I'll soak Fomapan 120 but not bother with Ilford films.

What are the benefits, if any, of pre-soaking? And is it only worth doing on certain films?

Cheers.
Mark.
 
I only pre-soak Fomapan film when using replenished Xtol as a re-usable developer, and that's because of the way it turns the developer green. I haven't pre-soaked when using a one-shot developer. I don't pre-soak any other films.
 
1. I've never pre soaked, but soon will because
2. A new developing tank mandates it in the instructions.

In favour:
Warms film and tank to correct temperature if required.
Can dissolve anti haltion etc as in post 2 and 4
Can help by wetting film and prevent air bubbles

Against
Slightly more dilute developer, as water will aleady be in the emulsion.

It might be interesting to know why at least one tank manufacturer mandates it.
 
I've done both, prewashed and not pre-washed and do prefer ( especially with fomapan ) to have most of the anti halation removed prior to developing (not that it causes any irregularities to the development if not done)

Depending where you are developing and what the ambient temperature is ( particularly in the depths of winter) a prewash can be a huge advantage e in bringing the tank to dev temperature .

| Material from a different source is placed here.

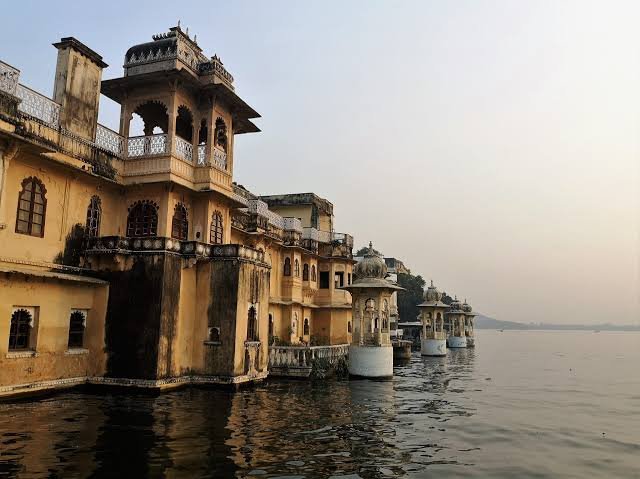 Ahmedabad to Udaipur
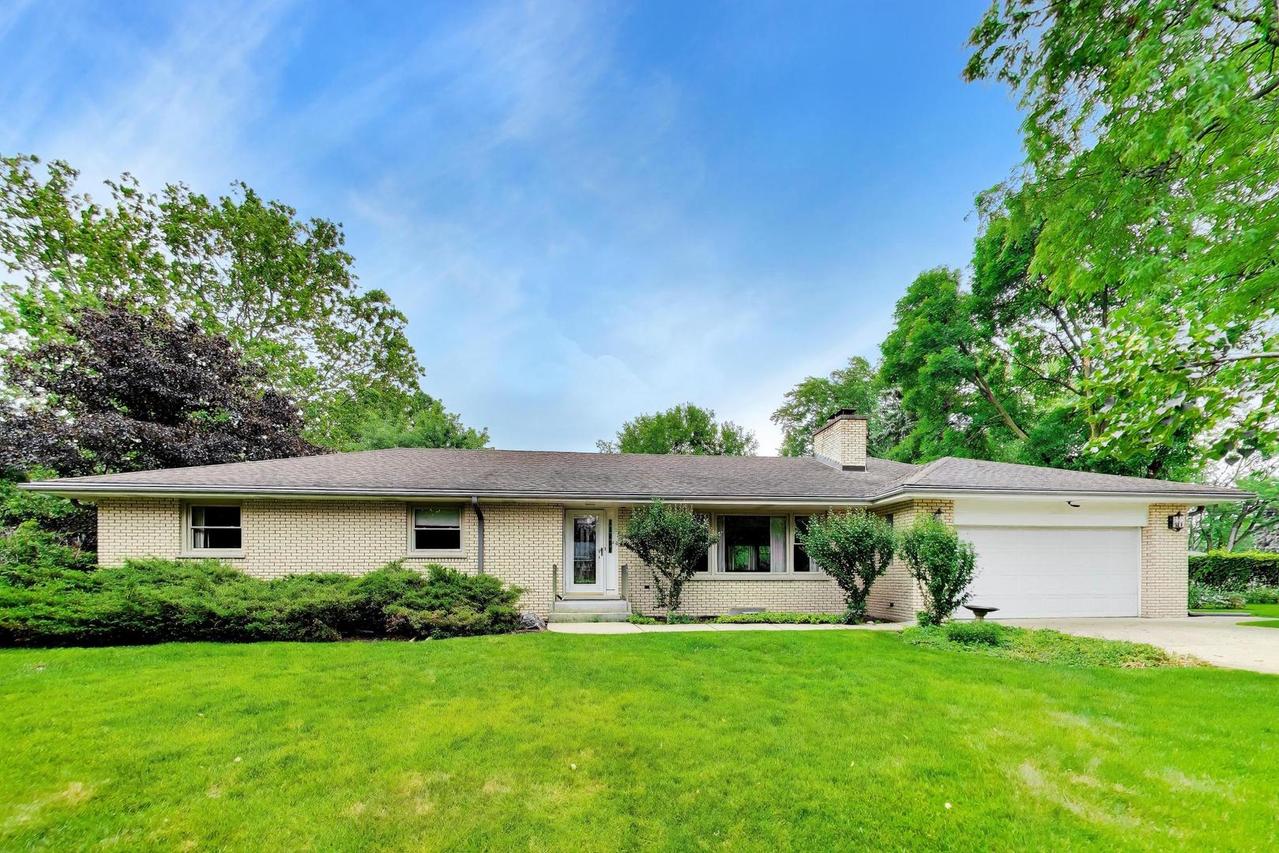 1015 Sherwood Dr., Prospect Heights, IL 60070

I don't think pre-wash is an absolute necesitty but I personally prefer to add the additional stage of 5 mins or so to my film processing.
 
Since when has a Yorkshireman ever stuck to rules??:exit:

In this case, with a new tank and different method of loading, I'd prefer to reduce the variables,I can't see any compelling reason not to presoak, and it will let me see exactly how quickly a full tank fills and empties.
 
It would " bother" me that a tank design would require pre-soaking to be able to develop evenly, or to reduce the risk of bubbles. This would never be a problem in a well designed tank.
Pre soaking to remove antihalation dye, is a cosmetic issue, and never actually affect development.
Pre-soaking to bring the tank up to temperature, introduces a a problem of how to know when the developer permeates the emulsion sufficiently to start working.
It also tends to dilute the developer, both changes require the development time to be altered to compensate.
If the developer is to be used a number of times this dilution effect can be considerable.

A better technique is to use a preheated (temperature controlled) water bath to pre-warm the tank before filling with developer.
In cold, or very, hot rooms It is best to keep every thing in the water bath in their own containers including the tank, developer, stop bath, and fixer.
A tank full of developer can lose several degrees during development, which will vary as to the ambient temperature. for year round consistent results a water bath is highly recommended.
Everything else being equal a prewash is un necessary.

In the days of Glass plates many were coated on the back with a thick semi solvent layer of antihalation material. Some were difficult to remove, but were designed to be soluble in an alkali developer. This often resulted in an argument, like the present one, as to whether pre-soaking was necessary or not.

Bubbles are usually an issue involving agitation and how it is performed. I was always taught to bang the bottom of the tank on the bench to dislodge any bubbles after each agitation cycle.
Bubbles trapped between layers of emulsion can be impossible to remove and are usually a design issue. involving the tank and the film packed too closely to each other or the sides of the tank or septums.